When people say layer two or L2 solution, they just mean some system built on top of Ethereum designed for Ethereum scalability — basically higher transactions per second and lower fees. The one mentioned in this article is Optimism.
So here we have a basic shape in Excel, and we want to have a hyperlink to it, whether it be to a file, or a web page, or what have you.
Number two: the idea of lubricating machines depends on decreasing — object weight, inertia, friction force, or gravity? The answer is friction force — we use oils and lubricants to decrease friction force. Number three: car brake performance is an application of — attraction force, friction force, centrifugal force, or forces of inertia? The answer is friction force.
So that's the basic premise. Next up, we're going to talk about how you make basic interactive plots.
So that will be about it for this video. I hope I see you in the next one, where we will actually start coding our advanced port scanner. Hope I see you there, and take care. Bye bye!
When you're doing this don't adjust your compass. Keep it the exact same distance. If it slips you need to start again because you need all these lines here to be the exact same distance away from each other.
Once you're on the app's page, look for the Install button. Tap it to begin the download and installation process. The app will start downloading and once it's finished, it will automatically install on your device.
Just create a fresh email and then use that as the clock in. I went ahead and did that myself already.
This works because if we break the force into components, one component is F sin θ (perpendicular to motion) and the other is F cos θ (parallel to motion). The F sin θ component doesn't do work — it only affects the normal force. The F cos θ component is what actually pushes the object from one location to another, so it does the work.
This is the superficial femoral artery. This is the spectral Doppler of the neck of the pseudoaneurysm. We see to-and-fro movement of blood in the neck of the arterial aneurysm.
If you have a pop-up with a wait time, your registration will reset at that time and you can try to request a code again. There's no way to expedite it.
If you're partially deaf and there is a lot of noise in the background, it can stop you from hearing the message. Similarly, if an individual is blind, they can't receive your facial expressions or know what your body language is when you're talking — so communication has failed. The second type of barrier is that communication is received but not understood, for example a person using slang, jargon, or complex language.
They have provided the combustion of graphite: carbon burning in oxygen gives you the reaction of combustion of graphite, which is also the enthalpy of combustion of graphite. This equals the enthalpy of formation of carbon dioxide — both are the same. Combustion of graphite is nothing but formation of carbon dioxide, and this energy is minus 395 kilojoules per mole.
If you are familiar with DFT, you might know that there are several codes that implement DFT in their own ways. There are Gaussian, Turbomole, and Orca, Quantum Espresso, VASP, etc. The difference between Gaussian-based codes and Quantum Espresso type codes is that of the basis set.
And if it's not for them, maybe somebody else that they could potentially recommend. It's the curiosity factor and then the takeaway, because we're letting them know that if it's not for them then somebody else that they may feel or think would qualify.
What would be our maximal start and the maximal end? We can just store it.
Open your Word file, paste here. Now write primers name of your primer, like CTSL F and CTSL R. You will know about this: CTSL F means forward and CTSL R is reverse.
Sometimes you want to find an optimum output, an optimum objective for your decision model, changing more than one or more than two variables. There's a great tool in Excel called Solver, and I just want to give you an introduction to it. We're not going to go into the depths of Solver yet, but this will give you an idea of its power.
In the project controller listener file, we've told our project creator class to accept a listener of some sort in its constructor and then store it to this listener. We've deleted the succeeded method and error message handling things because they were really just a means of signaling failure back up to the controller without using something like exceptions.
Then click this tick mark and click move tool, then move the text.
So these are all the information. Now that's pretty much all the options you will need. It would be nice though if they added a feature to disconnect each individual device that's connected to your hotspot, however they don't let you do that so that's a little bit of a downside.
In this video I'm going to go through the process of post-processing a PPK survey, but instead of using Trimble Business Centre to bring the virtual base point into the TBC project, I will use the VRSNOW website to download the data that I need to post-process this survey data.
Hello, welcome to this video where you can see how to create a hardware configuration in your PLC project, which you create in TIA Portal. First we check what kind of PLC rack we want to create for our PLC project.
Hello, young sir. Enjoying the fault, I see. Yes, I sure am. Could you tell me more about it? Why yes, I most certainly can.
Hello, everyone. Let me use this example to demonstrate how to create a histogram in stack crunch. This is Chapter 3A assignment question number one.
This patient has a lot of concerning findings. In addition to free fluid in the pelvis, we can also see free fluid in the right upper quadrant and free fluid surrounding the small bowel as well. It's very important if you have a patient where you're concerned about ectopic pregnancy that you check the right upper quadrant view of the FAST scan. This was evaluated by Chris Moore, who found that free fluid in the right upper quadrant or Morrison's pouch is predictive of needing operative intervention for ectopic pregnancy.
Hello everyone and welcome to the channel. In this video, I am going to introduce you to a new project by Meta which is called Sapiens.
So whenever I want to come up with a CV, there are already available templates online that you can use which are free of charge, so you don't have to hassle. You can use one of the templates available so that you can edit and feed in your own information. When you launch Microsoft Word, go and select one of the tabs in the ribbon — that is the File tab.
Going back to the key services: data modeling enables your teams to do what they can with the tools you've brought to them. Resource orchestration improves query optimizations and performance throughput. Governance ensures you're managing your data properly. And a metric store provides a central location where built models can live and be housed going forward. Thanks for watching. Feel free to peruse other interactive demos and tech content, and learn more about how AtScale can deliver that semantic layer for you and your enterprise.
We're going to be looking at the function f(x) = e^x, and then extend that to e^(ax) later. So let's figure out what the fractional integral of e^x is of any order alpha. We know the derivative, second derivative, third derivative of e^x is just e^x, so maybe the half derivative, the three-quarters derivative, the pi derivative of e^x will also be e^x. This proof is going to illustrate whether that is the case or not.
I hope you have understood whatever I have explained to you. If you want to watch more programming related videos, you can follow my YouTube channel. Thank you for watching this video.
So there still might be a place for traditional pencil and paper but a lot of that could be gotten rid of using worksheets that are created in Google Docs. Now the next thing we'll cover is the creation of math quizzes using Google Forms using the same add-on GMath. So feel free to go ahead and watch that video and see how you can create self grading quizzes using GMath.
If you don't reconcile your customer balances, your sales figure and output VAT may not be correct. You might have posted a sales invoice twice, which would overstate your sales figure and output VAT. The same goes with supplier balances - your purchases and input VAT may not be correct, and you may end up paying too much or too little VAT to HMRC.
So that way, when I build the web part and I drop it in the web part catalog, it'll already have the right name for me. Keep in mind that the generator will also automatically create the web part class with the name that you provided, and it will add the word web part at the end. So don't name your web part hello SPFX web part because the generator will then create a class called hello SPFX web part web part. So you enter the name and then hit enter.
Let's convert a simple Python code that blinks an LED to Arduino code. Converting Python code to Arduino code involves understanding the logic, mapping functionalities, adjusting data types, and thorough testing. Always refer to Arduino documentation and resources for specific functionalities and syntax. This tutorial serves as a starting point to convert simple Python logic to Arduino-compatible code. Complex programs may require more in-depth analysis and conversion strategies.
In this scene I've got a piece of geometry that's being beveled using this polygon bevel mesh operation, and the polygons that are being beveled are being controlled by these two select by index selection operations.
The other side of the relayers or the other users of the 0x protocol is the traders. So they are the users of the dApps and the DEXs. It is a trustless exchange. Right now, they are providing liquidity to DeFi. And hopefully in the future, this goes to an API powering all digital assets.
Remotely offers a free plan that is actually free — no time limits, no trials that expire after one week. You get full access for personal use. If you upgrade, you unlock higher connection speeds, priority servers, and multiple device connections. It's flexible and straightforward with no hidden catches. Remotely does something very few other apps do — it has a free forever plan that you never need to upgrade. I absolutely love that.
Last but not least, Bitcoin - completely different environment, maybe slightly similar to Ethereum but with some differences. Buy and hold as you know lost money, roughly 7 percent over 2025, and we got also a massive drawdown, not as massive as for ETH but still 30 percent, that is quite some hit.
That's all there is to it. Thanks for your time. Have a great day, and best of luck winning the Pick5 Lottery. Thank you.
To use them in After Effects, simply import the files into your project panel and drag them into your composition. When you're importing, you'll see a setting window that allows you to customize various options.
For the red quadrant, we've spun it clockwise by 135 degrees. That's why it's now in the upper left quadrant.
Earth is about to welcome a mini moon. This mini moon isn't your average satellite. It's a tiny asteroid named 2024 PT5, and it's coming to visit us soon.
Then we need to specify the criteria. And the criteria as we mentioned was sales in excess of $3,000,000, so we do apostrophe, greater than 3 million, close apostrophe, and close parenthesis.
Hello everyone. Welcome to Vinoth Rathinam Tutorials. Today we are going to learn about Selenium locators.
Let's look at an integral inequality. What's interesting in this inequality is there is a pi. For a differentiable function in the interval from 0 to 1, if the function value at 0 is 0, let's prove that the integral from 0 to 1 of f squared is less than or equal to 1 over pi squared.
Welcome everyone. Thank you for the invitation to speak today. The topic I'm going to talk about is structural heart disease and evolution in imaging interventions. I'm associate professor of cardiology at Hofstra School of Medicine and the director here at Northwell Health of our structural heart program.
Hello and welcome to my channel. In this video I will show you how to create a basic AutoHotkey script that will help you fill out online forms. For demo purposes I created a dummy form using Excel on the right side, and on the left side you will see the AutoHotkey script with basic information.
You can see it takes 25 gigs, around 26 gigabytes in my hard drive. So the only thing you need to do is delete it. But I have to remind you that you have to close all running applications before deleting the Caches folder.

→ Assigned task
The expected answer is an exact copy of the lines above, beginning at the line with "In this video I'm" and ending at the line with "This patient has", with both ends in.

→ Worked solution
In this video I'm going to go through the process of post-processing a PPK survey, but instead of using Trimble Business Centre to bring the virtual base point into the TBC project, I will use the VRSNOW website to download the data that I need to post-process this survey data.
Hello, welcome to this video where you can see how to create a hardware configuration in your PLC project, which you create in TIA Portal. First we check what kind of PLC rack we want to create for our PLC project.
Hello, young sir. Enjoying the fault, I see. Yes, I sure am. Could you tell me more about it? Why yes, I most certainly can.
Hello, everyone. Let me use this example to demonstrate how to create a histogram in stack crunch. This is Chapter 3A assignment question number one.
This patient has a lot of concerning findings. In addition to free fluid in the pelvis, we can also see free fluid in the right upper quadrant and free fluid surrounding the small bowel as well. It's very important if you have a patient where you're concerned about ectopic pregnancy that you check the right upper quadrant view of the FAST scan. This was evaluated by Chris Moore, who found that free fluid in the right upper quadrant or Morrison's pouch is predictive of needing operative intervention for ectopic pregnancy.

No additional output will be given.